▶ [WORK REQUIRED] Of the material below, the lines to be retyped are those from the line containing "506 XX JEANS" through the line containing "Dr.Hair - HAIR DRYER 6117", inclusive; reproduce them exactly.

▶ [PROVIDED RECORDS]
= = = =

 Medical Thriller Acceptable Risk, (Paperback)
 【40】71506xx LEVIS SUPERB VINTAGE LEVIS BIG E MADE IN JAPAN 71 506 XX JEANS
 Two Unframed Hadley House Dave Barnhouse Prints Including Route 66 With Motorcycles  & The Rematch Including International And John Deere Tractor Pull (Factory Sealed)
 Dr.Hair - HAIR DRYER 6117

= = = =

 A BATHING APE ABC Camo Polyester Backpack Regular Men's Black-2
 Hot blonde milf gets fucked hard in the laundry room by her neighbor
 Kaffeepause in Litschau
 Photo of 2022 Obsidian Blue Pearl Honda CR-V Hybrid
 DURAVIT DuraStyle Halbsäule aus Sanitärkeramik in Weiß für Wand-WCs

= = = =

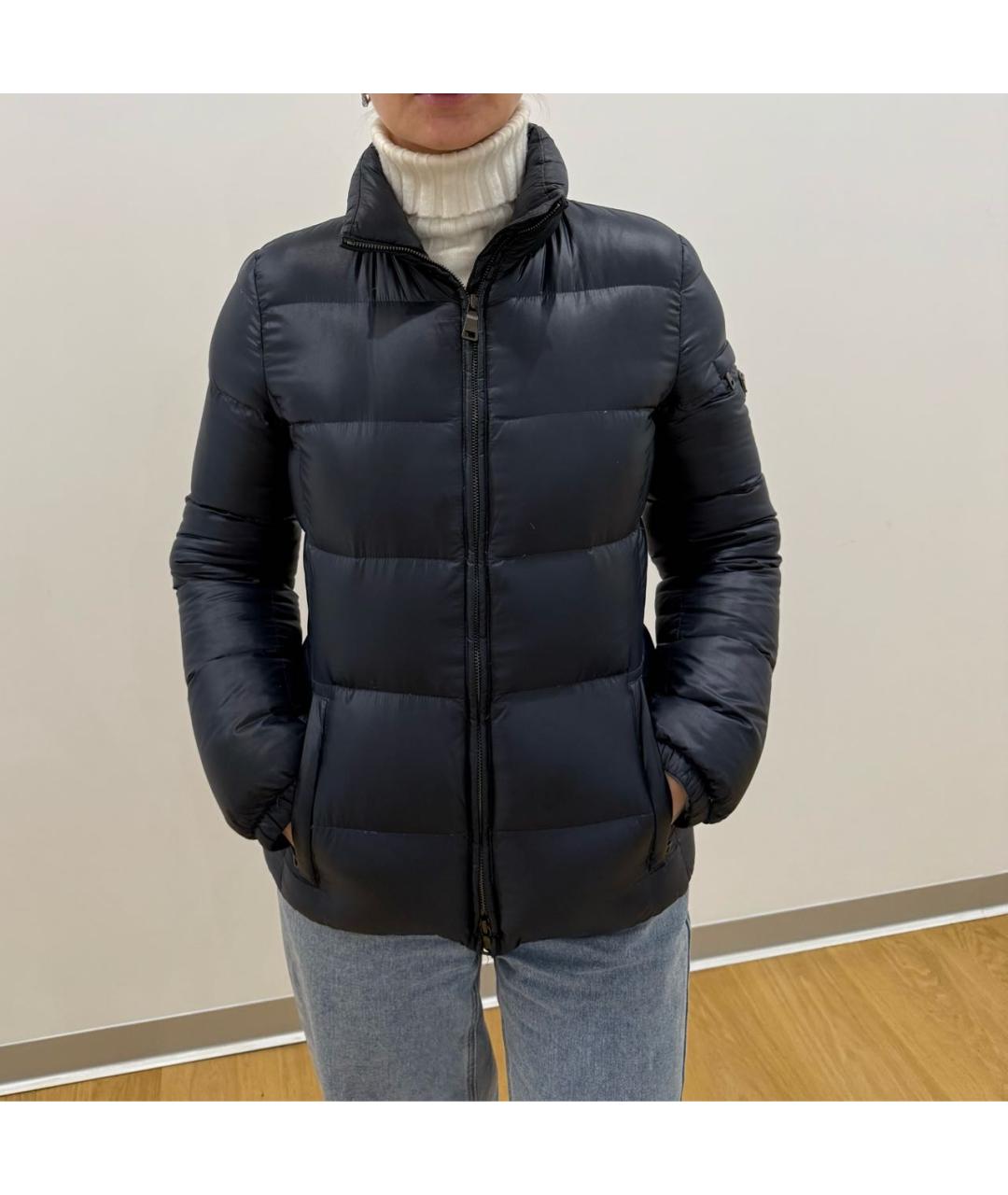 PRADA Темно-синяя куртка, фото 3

= = = =

▶ [WRITTEN RESPONSE]
 【40】71506xx LEVIS SUPERB VINTAGE LEVIS BIG E MADE IN JAPAN 71 506 XX JEANS
 Two Unframed Hadley House Dave Barnhouse Prints Including Route 66 With Motorcycles  & The Rematch Including International And John Deere Tractor Pull (Factory Sealed)
 Dr.Hair - HAIR DRYER 6117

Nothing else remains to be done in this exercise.